On a weekly basis, I find myself making the same joke. Nothing good ever happens above 14th Street. And with the exception of Bergdorf's and Barneys (and I'm not talking about that new sad excuse for a store in Chelsea), my given audience of the day usually agrees.
Perhaps it's because I spent four years - four long years with the length of four long lifetimes - at university in the Upper Upper West Side deadzone that is Morningside Heights, but there can be such a boring air that descends upon all things downtown distant.
And true, the uptown horseshoe that straddles Central Park is often understood as the place one goes to settle down, raise children, and wait for death. But, what the storied yet youthful village may boast in unadulterated fun, the nosebleed section of Manhattan boasts in plenty else.

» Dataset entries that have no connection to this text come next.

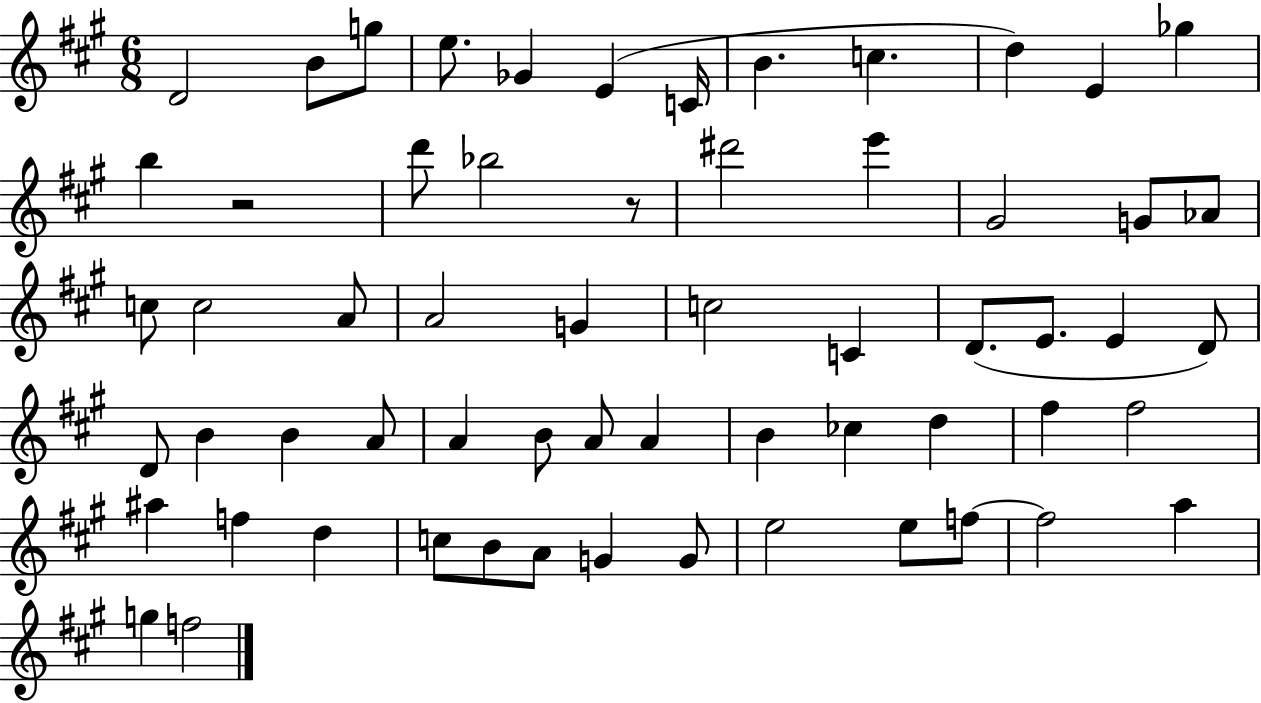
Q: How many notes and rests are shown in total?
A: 61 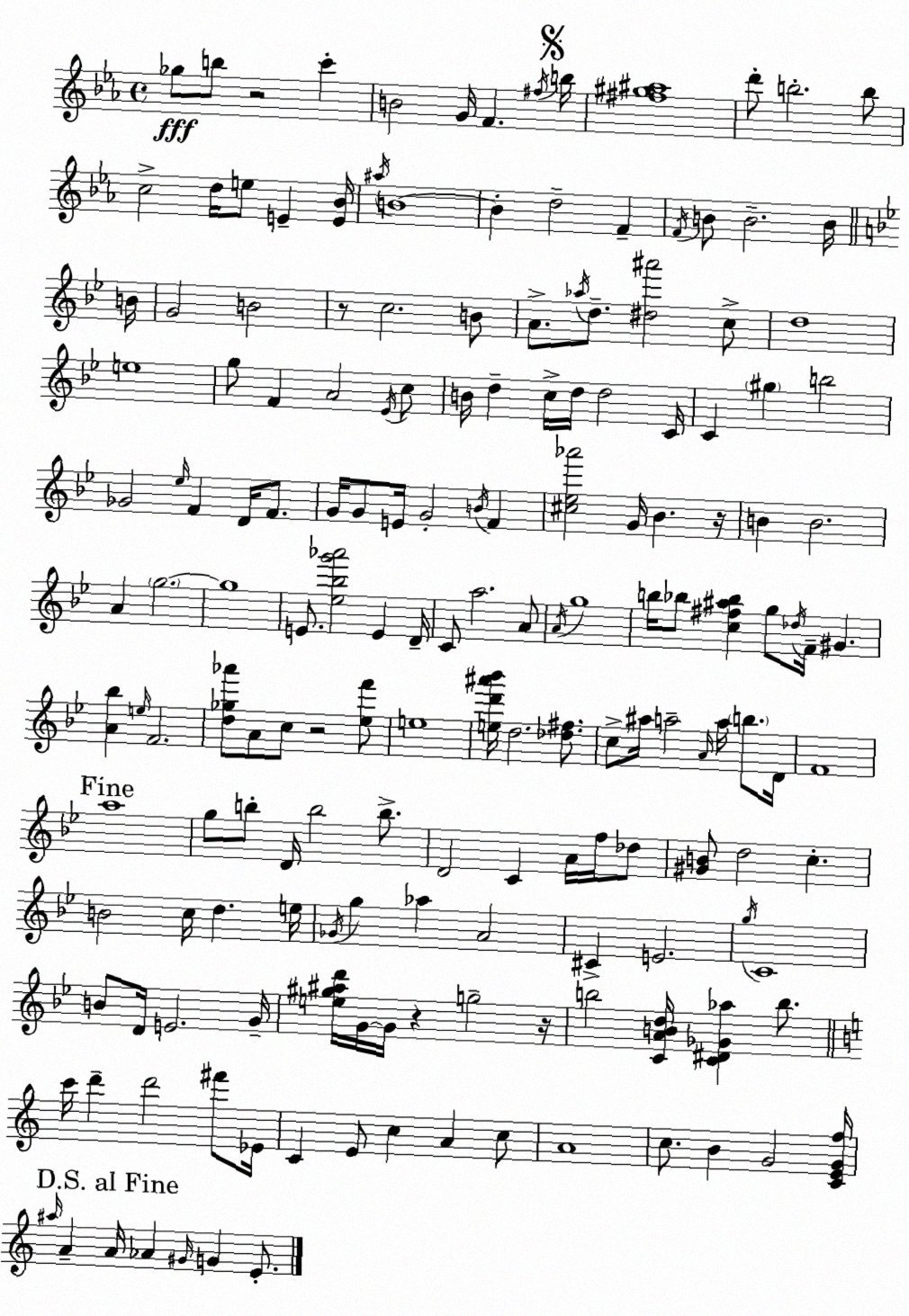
X:1
T:Untitled
M:4/4
L:1/4
K:Eb
_g/2 b/2 z2 c' B2 G/4 F ^f/4 b/4 [^f^g^a]4 d'/2 b2 b/2 c2 d/4 e/2 E [E_B]/4 ^a/4 B4 B d2 F F/4 B/2 B2 B/4 B/4 G2 B2 z/2 c2 B/2 A/2 _a/4 d/2 [^d^a']2 c/2 d4 e4 g/2 F A2 _E/4 c/2 B/4 d c/4 d/4 d2 C/4 C ^g b2 _G2 _e/4 F D/4 F/2 G/4 G/2 E/4 G2 B/4 F [^c_e_a']2 G/4 _B z/4 B B2 A g2 g4 E/2 [_e_bg'_a']2 E D/4 C/2 a2 A/2 A/4 g4 b/4 _b/2 [c^f^a_b] g/2 _d/4 F/4 ^G [A_b] e/4 F2 [d_g_a']/2 A/2 c/2 z2 [_ef']/2 e4 [ed'^a'_b']/4 d2 [_d^f]/2 c/2 ^a/4 a2 A/4 a/4 b/2 D/4 F4 a4 g/2 b/2 D/4 b2 b/2 D2 C A/4 f/4 _d/2 [^GB]/2 d2 c B2 c/4 d e/4 _G/4 g _a A2 ^C E2 g/4 C4 B/2 D/4 E2 G/4 [e^g^ad']/4 G/4 G/4 z g2 z/4 b2 [CABd]/4 [C^D_G_a] b/2 c'/4 d' d'2 ^f'/2 _E/4 C E/2 c A c/2 A4 c/2 B G2 [CEGf]/4 ^a/4 A A/4 _A ^G/4 G E/2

In an almost unfair way, New York is the most New York on the Upper Directional Sides. It's smart, it's cultured, it's diverse, it's a Woody Allen people seem to overlook the scandaled past of. A place where the short-term stickiness of the "hottest new thing" bears not even an initial adhesive moment.

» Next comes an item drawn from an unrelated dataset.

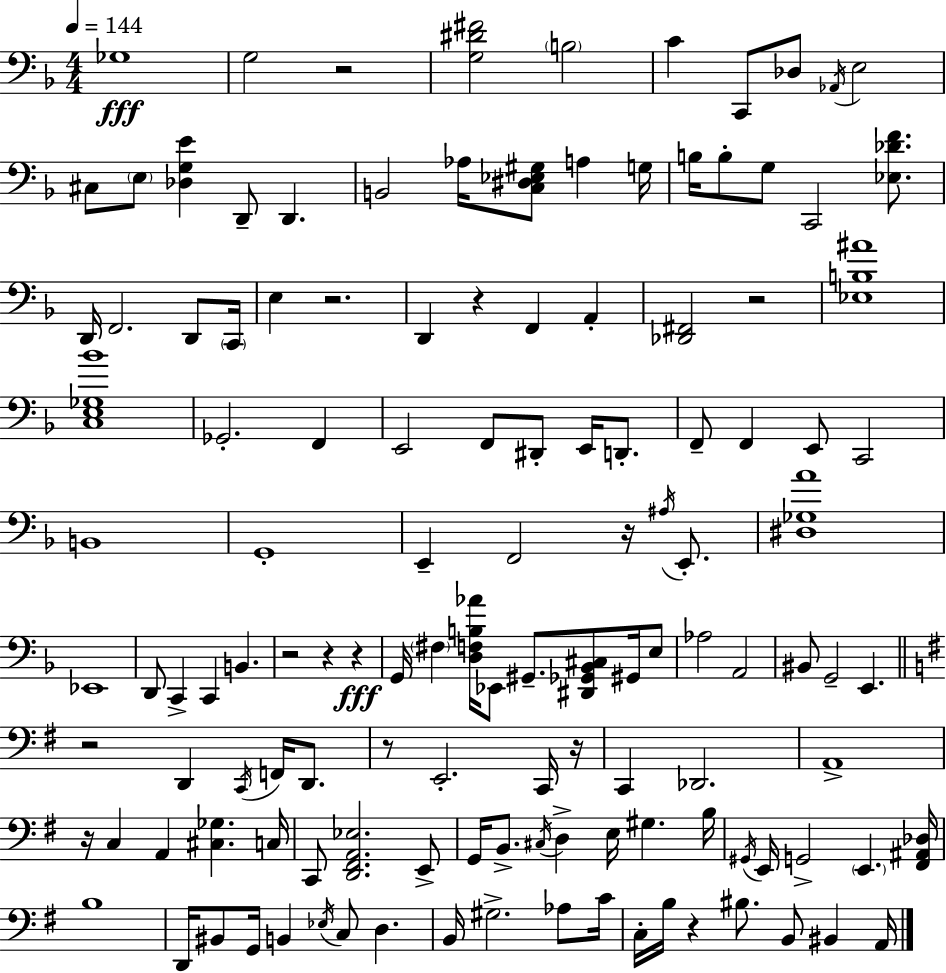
Gb3/w G3/h R/h [G3,D#4,F#4]/h B3/h C4/q C2/e Db3/e Ab2/s E3/h C#3/e E3/e [Db3,G3,E4]/q D2/e D2/q. B2/h Ab3/s [C3,D#3,Eb3,G#3]/e A3/q G3/s B3/s B3/e G3/e C2/h [Eb3,Db4,F4]/e. D2/s F2/h. D2/e C2/s E3/q R/h. D2/q R/q F2/q A2/q [Db2,F#2]/h R/h [Eb3,B3,A#4]/w [C3,E3,Gb3,Bb4]/w Gb2/h. F2/q E2/h F2/e D#2/e E2/s D2/e. F2/e F2/q E2/e C2/h B2/w G2/w E2/q F2/h R/s A#3/s E2/e. [D#3,Gb3,A4]/w Eb2/w D2/e C2/q C2/q B2/q. R/h R/q R/q G2/s F#3/q [D3,F3,B3,Ab4]/s Eb2/e G#2/e. [D#2,Gb2,Bb2,C#3]/e G#2/s E3/e Ab3/h A2/h BIS2/e G2/h E2/q. R/h D2/q C2/s F2/s D2/e. R/e E2/h. C2/s R/s C2/q Db2/h. A2/w R/s C3/q A2/q [C#3,Gb3]/q. C3/s C2/e [D2,F#2,A2,Eb3]/h. E2/e G2/s B2/e. C#3/s D3/q E3/s G#3/q. B3/s G#2/s E2/s G2/h E2/q. [F#2,A#2,Db3]/s B3/w D2/s BIS2/e G2/s B2/q Eb3/s C3/e D3/q. B2/s G#3/h. Ab3/e C4/s C3/s B3/s R/q BIS3/e. B2/e BIS2/q A2/s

Take your average weeknight at the Philharmonic. Lincoln Center is filled to the brim with young couples making a night of it, old couples doing the usual, wealthy patrons with season tickets, music lovers come for a treat. Upper class, middle class, non-class. Every type of person New York holds as their own. Dressed in such a fashion that forgets trends, fancying more refined, tried and tested ensembles that speak to the elegance of an evening of enjoying classics.
While cool kids aplenty kill hours in Soho hungrily awaiting the glossy, overhyped silliness that is Sadelle's - those who know what's up wait ten, fifteen minutes at most for a table at Barney Greengrass, where the bagels are better, and the salmon just as delicious, if not more.
Tina Fey once joked that “If you walk around the Upper West Side, you will never ever see a truly good-looking person. If you’re on 14th street you might be like ‘Oh I bet that girl’s a model.'”My response say to this? Something I find myself thinking every time I'm north of home? Well, it's not not true. And how great is that! Sure you may be a Tribeca 3 - potentially even a Tribeca 4, if you just got your hair blown out. But no matter how uncertain the market, with a flat exchange rate that's always in your favor, that 3 translates comfortably to an Upper West Side 7. You're basically turning heads.
All this to say, while it may not have the bad boy appeal of the unorganized, knotted ball of string that are the mean streets of downtown, Uptown is pretty great, maybe even the best. It's where you're definitely your best you. So while you may not be ready to retire there, giving this older sibling neighborhood a second chance is certainly in your best interest.